Un Comité de propagande à Paris

J’ai gardé pour la fin de mon séjour à Paris, en 1921, ce fait divers. Comment nous est venue l’idée de la fondation de ce Comité ? Évidemment de l’ignorance effroyable de nos cousins de France au sujet du Canada et voire du Canada français. Dans L’Action française (VIII : 165-178), j’ai dit, là-dessus, ma façon de voir et l’opportunité de dissiper cette ignorance. En Bretagne, en 1908, chez l’amiral de Cuverville, un Monsieur de la petite noblesse, en visite à Crec’h Bleiz, m’avait posé cette question :

— Quelle est bien la superficie du Canada ?

Et comme j’hésitais à répondre :

— Quelque chose, par exemple, comme la Suisse ? avait risqué mon interlocuteur.

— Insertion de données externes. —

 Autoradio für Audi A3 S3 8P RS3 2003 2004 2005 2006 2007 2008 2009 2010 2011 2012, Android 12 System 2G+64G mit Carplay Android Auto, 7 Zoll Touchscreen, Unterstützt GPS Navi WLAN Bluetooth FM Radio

Et le cher homme se prétendait descendant par ligne collatérale de la famille des Chateaubriand. Et pour le doctement démontrer, il m’avait cité le début de la description des chutes du Niagara par le grand aïeul :

« On entendait au loin… »

Je vois encore l’embarras de ce petit Monsieur de la haute lorsque j’osai lui répondre :

— Cher monsieur, si l’on jetait la France dans un seul de nos grands lacs, disons le lac Supérieur, elle courrait le risque de s’y noyer.

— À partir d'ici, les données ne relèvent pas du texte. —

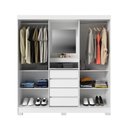 Ver imagem 2 de Guarda-Roupa Italo Casal 2 Portas de Correr c/ Espelho - Branco Fosco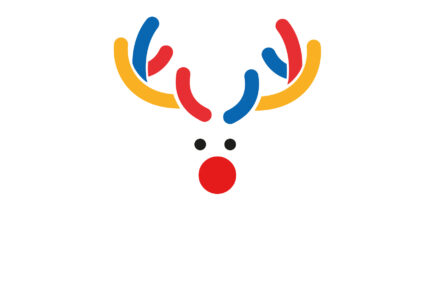 Głowa renifera w kolorach żółtym, niebieskim i czerwonym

Cette ignorance a pu s’atténuer depuis notre participation aux deux Grandes Guerres, sur le territoire même de la France. En 1921, nous restons encore, pour l’immense majorité des Français, le grand X, le parfait inconnu. Le 18 octobre 1921, à propos de ce Comité, j’écris à mes parents :

Vous n’êtes pas sans savoir… qu’ici l’on a presque complètement oublié le Canada qui fut pourtant pendant 150 ans une colonie française. Il n’est pas rare qu’on nous dise : « Mais comme vous parlez bien le français pour un Anglais. »

L’origine du Comité, Louis Francœur l’a racontée dans L’Action française (VI : 664-665) :

Ça ne remonte pas très haut… Le 7 octobre, un prêtre canadien venait me voir pour affaires. Ce prêtre était M. l’abbé Lionel Groulx que je n’avais jamais eu l’honneur de rencontrer. Nous causâmes longtemps : je lui exposai cette idée d’un comité de propagande qui depuis longtemps me trotte dans l’esprit. L’éminent professeur voulut bien la juger réalisable. Il me donna rendez-vous pour un jour suivant. Tourné et retourné sous toutes ses faces, le projet prit corps. Et le vendredi 14 octobre, quelques camarades se joignirent à nous pour mettre l’affaire sur pieds. Et voilà l’histoire. Un fait : nous existons, c’est l’essentiel !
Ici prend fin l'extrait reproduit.